▸ **The data**
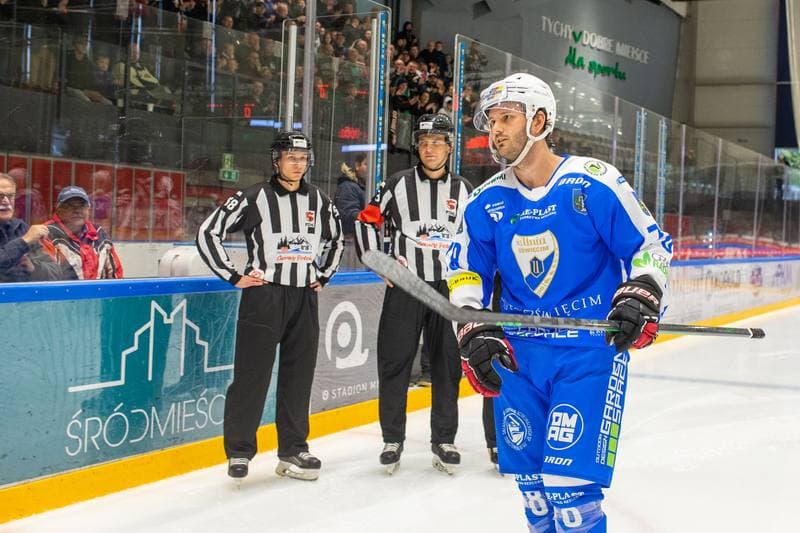 Ice Hockey. PHL. GKS Tychy - Re-Plast Unia Oswiecim. 18.09.2022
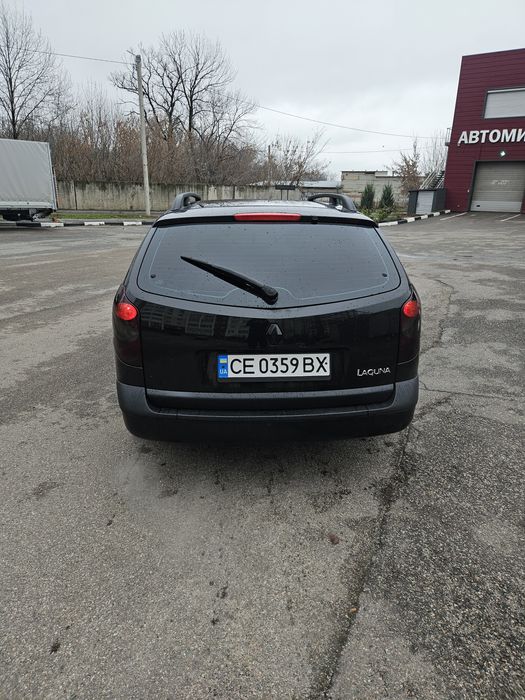 Renault Laguna 2 универсал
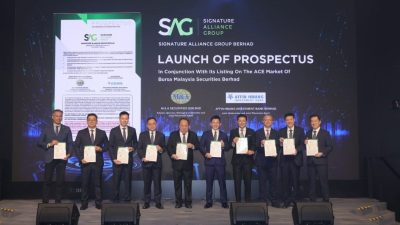 每股62仙 筹1.6亿令吉   胜利者联盟605创业板上市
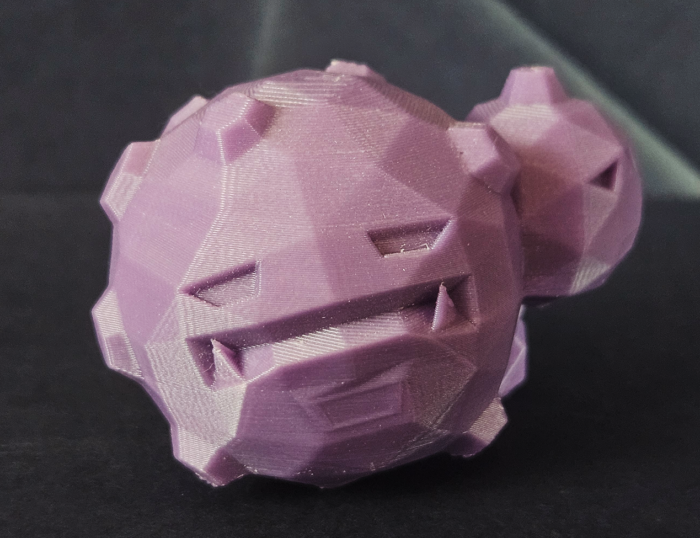 Weezing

▸ **Exercise aim**
Print, exactly as written, the lines from the one containing "Renault Laguna 2 универсал" to the end of the material, both ends included, and nothing else; no pictures.

▸ **Task output**
 Renault Laguna 2 универсал
 每股62仙 筹1.6亿令吉   胜利者联盟605创业板上市
 Weezing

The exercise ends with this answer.